What you need to do
Copy, word for word, the lines below from the one containing "Registrační karta Alberta Fuchse v Dachau" up to and including the one containing "Girls red sleeveless", with pictures left out.

Material to process
......

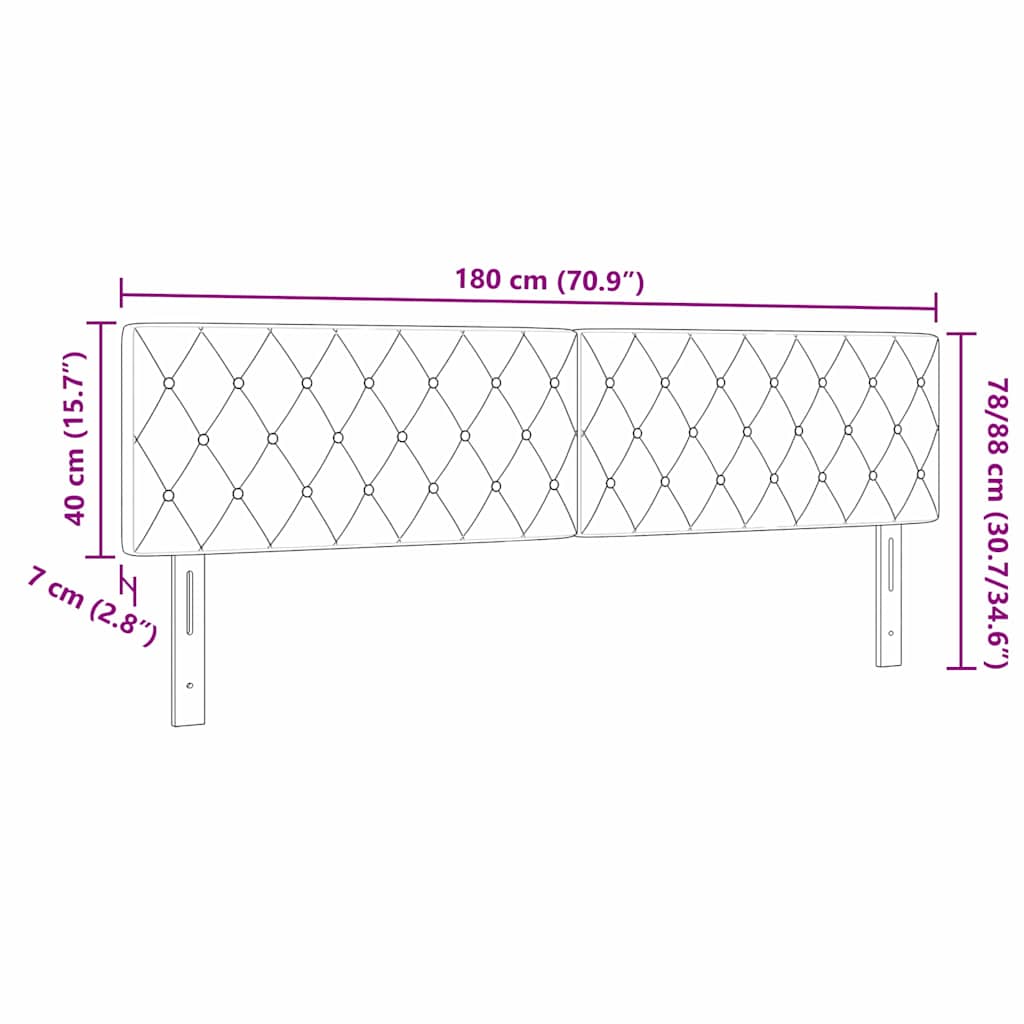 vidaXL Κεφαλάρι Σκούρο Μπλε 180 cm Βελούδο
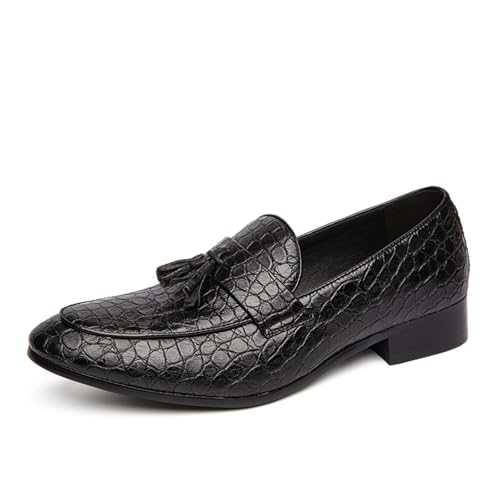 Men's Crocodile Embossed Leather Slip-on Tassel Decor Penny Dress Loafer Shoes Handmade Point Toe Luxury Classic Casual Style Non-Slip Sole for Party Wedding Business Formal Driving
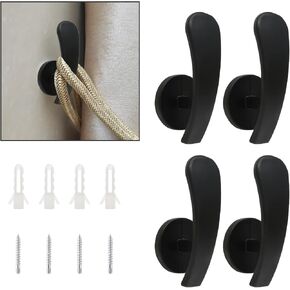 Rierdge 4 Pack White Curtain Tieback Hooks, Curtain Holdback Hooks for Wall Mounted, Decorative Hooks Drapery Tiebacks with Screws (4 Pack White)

......

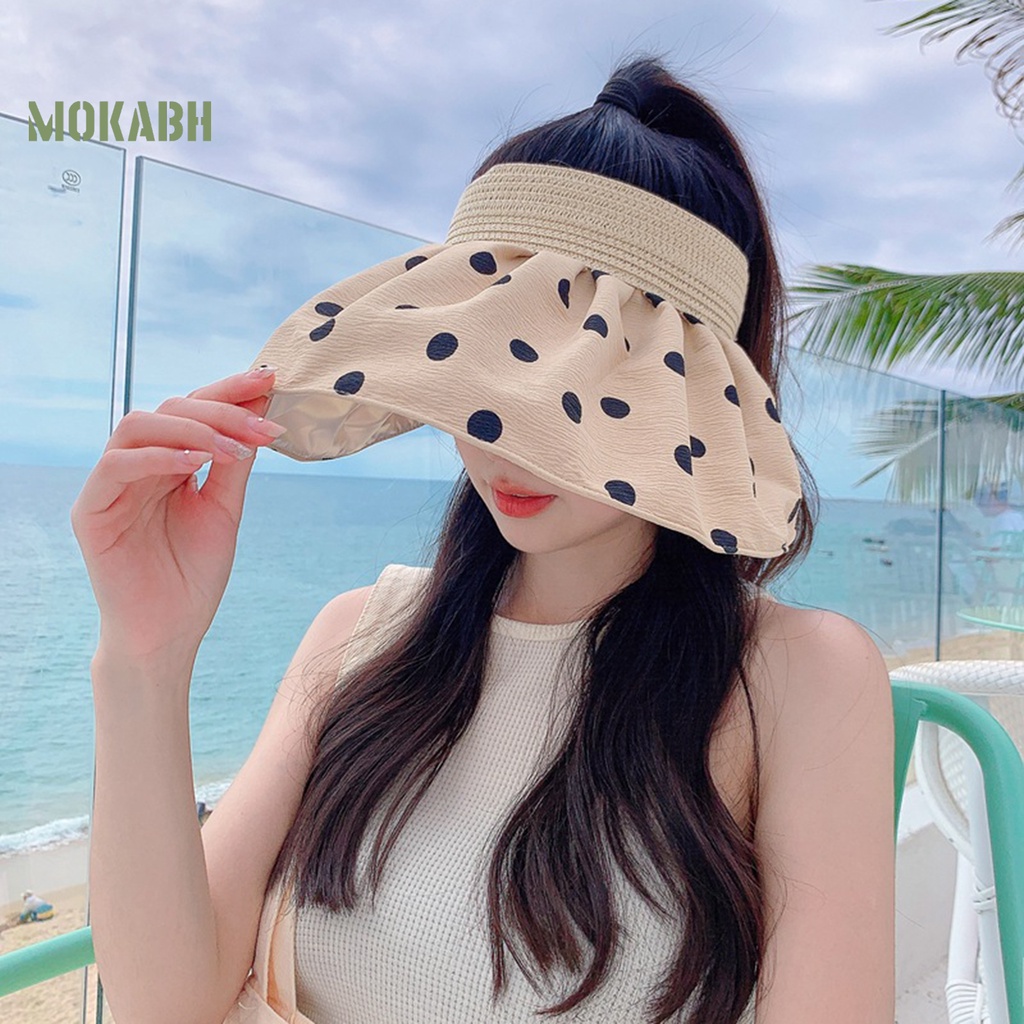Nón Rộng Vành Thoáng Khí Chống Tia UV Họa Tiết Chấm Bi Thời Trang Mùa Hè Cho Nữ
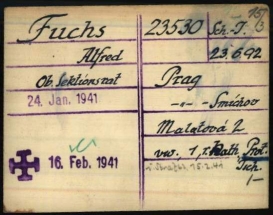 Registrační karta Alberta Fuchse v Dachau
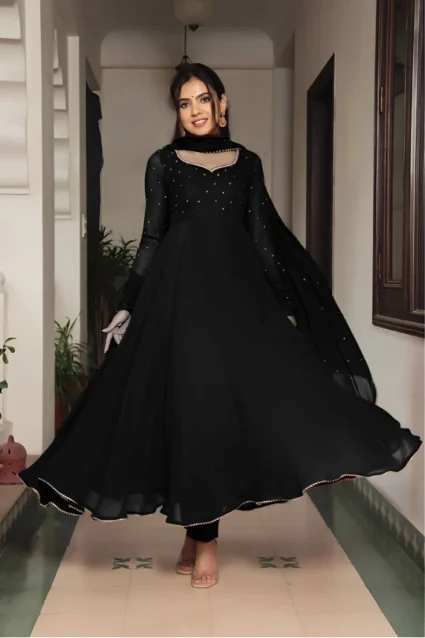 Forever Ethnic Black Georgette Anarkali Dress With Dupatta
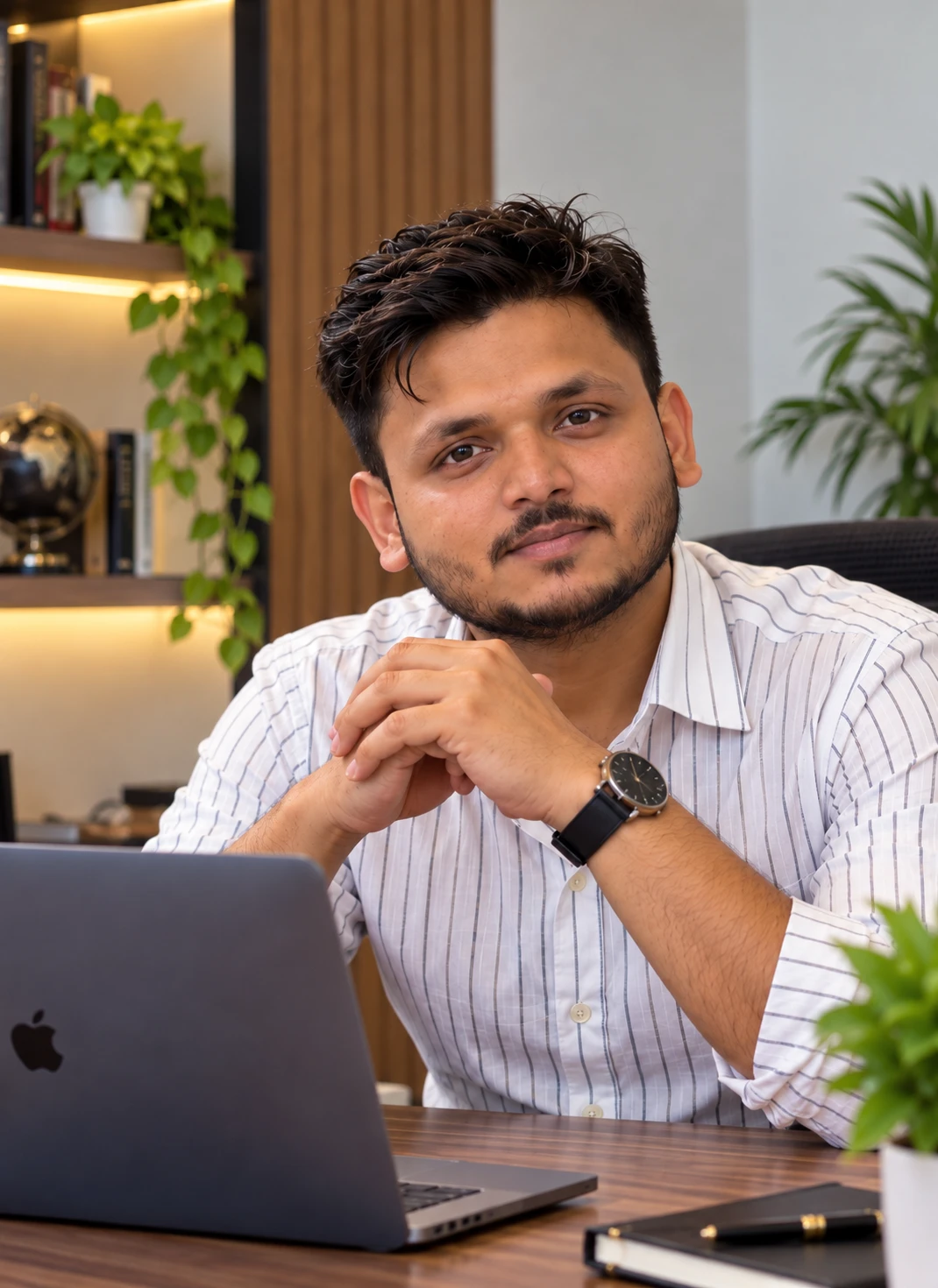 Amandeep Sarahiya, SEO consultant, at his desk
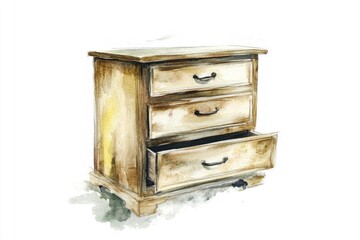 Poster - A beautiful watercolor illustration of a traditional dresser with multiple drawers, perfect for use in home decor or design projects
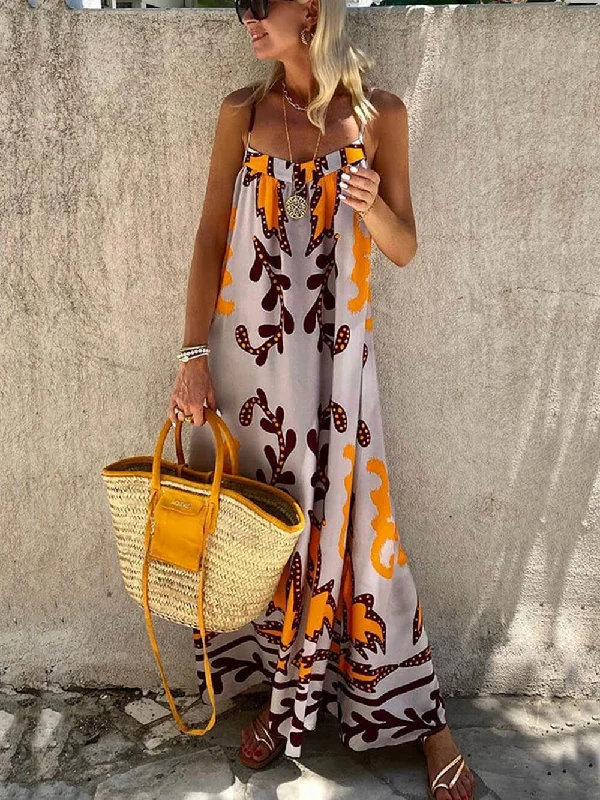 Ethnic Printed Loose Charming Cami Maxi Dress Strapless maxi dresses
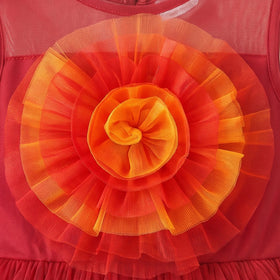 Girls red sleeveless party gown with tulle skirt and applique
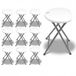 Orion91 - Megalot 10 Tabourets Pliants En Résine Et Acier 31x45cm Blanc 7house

......

Exercise result
 Registrační karta Alberta Fuchse v Dachau
 Forever Ethnic Black Georgette Anarkali Dress With Dupatta
 Amandeep Sarahiya, SEO consultant, at his desk
 Poster - A beautiful watercolor illustration of a traditional dresser with multiple drawers, perfect for use in home decor or design projects
 Ethnic Printed Loose Charming Cami Maxi Dress Strapless maxi dresses
 Girls red sleeveless party gown with tulle skirt and applique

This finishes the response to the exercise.